The statement was probably triggered by a report from The Wall Street Journal:
“Nancy Jacobson, No Labels’ founder and CEO, told allies this week that the group would announce Monday that it won’t pursue a presidential campaign this year because it hasn’t been able to recruit a credible ticket that could win the election, the people said.
“Jacobson told supporters that the organization had reached out to 30 potential candidates during its process.”
The precise number of rejections No Labels encountered is both newsy and embarrassing. The procession of high-to-medium-profile politicians publicly expressing a lack of interest in joining the “unity ticket” had become a regular drumbeat in recent weeks. My own running list of announced No Labels no-thank-yous included Larry Hogan, Joe Manchin, Liz Cheney, Nikki Haley, Deval Patrick, Brian Kemp, Chris Sununu, Chris Christie, Geoff Duncan, Mitt Romney, and Jon Huntsman. I may have missed a few; NBC News indicated recently that the organization had fruitlessly gone well off-road in the search for a presidential candidate:
“Well-known non-politicians like businessman Mark Cuban and retired Navy Adm. William McRaven did not reciprocate interest from No Labels, either. No Labels’ search has gone far and wide — it even tried to make overtures to Dwayne ‘The Rock’ Johnson.”
It’s easy to mock No Labels for its fecklessness, but the group did make good on its promise to bag the whole thing if it could not identify a ticket positioned to actually win 270 electoral votes. Polls consistently showed that the idea of a “unity ticket” was more popular than an actual “unity ticket,” so it made sense that as the group proceeded down its wish list of candidates, the weak case for the whole enterprise would begin to vanish. In the end, the intense pressure the group’s leadership was under to avoid a “spoiler” scenario that could help Donald Trump get back into the White House despite a weak popular-vote performance was a crucial factor in the No Labels No Go decision. The late No Labels leader Joe Lieberman consistently said that “the last thing I’d ever want to be part of is bringing Donald Trump back to the Oval Office.” He can now rest in peace in the certainty that won’t happen, and Joe Biden’s team also has one less major problem to address.

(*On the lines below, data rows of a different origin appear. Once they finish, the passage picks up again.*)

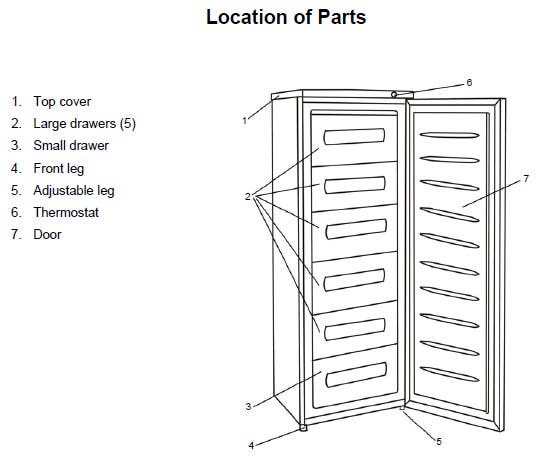 Summit UF855L 5.5 cu. ft. Upright Freezer
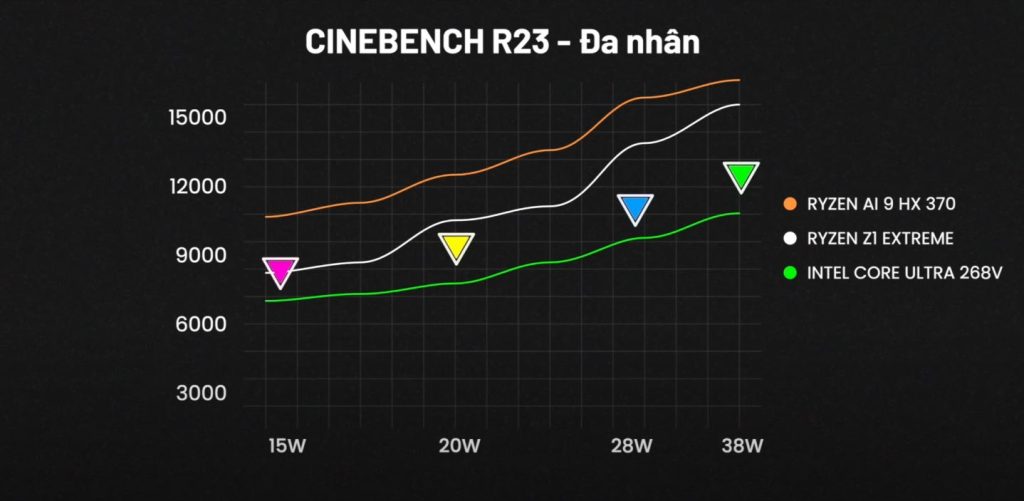 Cinebench R23 Core Ultra 268V multi core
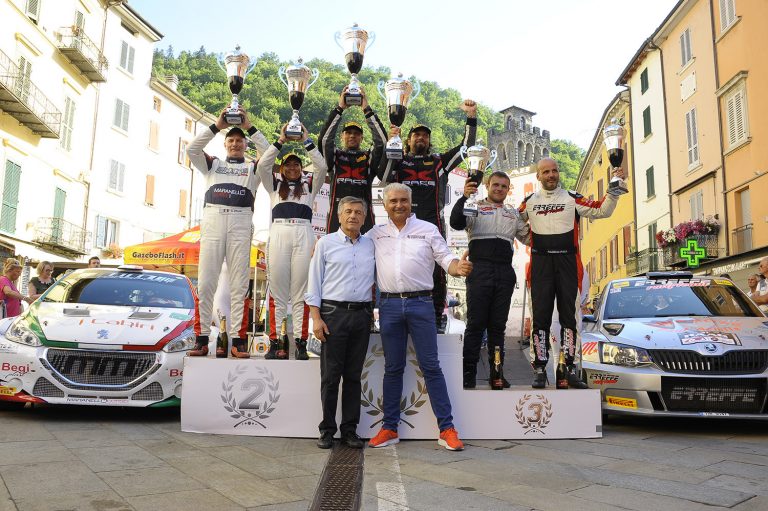 Il 32° RAAB Rally rinviato a data da destinarsi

The centrist Democratic organization Third Way, which has been the Paul Revere of the effort to discourage a No Labels candidacy, had this to say in a statement:
“A year and a half ago, we were the first to warn that No Labels’ presidential bid was doomed, dangerous, and would divide the anti-Trump coalition. Joined by a wide array of allies, we waged a campaign to dissuade any serious candidate from joining their ticket. We are deeply relieved that everyone rejected their offer, forcing them to stand down. While the threat of third-party spoilers remains, this uniquely damaging attack on President Biden and Democrats from the center has at last ended.”
No Labels retires from the 2024 field having achieved ballot access in 19 states. That accomplishment will be looked on enviously by remaining non-major-party candidates Robert F. Kennedy Jr., Cornel West, and Jill Stein. It remains to be seen if the perennial fantasy of a centrist third party — or as No Labels insisted it represented, a centrist bipartisan effort to force the major parties to work together — will live on.